A escolha da rota é essencial. Evite vias movimentadas e/ou de alta velocidade, ainda que outros trajetos pareçam mais longe. Você estará mais seguro e a viagem será mais agradável. “O caminho que você faria de carro ou ônibus na maioria das vezes não é o melhor para a bicicleta: é preciso escolher rotas alternativas por dentro dos bairros”, ensina o cicloativista Leandro Valverdes.

Equipamento

Infelizmente a qualidade da maioria das bicicletas brasileiras é ruim. Prefira gastar um pouco mais nela para evitar acidentes graves.
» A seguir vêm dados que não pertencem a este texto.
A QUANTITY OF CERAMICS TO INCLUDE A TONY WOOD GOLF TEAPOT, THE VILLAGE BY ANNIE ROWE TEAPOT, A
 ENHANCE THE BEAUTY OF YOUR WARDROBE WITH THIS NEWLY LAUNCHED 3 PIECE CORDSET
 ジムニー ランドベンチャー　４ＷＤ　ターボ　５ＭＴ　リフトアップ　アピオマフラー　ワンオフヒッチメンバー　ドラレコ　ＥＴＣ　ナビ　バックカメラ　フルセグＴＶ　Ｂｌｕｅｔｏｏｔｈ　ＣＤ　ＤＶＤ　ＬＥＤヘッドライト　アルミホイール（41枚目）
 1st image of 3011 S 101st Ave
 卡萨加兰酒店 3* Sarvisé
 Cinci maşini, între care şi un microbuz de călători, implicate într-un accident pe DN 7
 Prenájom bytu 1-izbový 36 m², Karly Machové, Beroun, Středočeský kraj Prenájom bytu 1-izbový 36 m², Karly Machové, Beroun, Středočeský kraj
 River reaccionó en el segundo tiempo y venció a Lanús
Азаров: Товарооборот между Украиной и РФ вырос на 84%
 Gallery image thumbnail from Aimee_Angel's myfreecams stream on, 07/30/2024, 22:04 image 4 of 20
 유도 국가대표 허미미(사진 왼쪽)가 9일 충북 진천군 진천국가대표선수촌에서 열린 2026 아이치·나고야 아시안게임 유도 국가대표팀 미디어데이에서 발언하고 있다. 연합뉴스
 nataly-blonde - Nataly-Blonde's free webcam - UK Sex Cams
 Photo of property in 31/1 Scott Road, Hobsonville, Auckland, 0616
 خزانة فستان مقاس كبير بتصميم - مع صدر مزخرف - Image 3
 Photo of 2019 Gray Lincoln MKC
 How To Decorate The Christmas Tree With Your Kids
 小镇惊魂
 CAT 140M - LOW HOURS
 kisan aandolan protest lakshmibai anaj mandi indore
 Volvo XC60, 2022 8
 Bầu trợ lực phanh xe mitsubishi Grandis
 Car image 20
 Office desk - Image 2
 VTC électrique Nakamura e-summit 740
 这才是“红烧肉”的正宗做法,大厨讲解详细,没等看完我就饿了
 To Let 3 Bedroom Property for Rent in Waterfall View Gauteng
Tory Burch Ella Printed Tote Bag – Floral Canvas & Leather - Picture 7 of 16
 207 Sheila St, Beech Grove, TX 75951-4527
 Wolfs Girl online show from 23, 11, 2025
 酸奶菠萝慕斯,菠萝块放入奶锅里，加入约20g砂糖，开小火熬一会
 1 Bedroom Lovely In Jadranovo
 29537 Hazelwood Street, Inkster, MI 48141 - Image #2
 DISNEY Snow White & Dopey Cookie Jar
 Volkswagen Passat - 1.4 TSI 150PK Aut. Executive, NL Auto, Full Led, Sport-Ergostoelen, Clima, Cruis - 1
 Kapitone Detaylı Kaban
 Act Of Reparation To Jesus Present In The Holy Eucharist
O capacete não é garantia, mas aumenta a segurança do ciclista. Pasqualini afirma que o mais importante é se fazer visível, daí utilizar instrumentos de iluminação, tanto na bicicleta quanto, se possível, na roupa ou mochila.

Direitos e deveres

Segundo o Código Nacional de Trânsito, o ciclista pode trafegar, onde não houver ciclovias e ciclofaixas, nas bordas direita e esquerda das vias, e os demais veículos devem manter distância lateral de pelo menos 1,5 metro. Mas é dever do ciclista também respeitar quem está a pé, não pedalar nas calçadas e nem cortar faixas de pedestres no momento da travessia.

Postura

“Tem aquele ciclista que vai na contramão e se impõe de uma maneira errada. Sabendo dos meus direitos e deveres, eu passo uma boa impressão para o motorista, porque ele vai me ver como mais um componente no trânsito, e não um intruso”, observa João Lacerda, da ONG Transporte Ativo.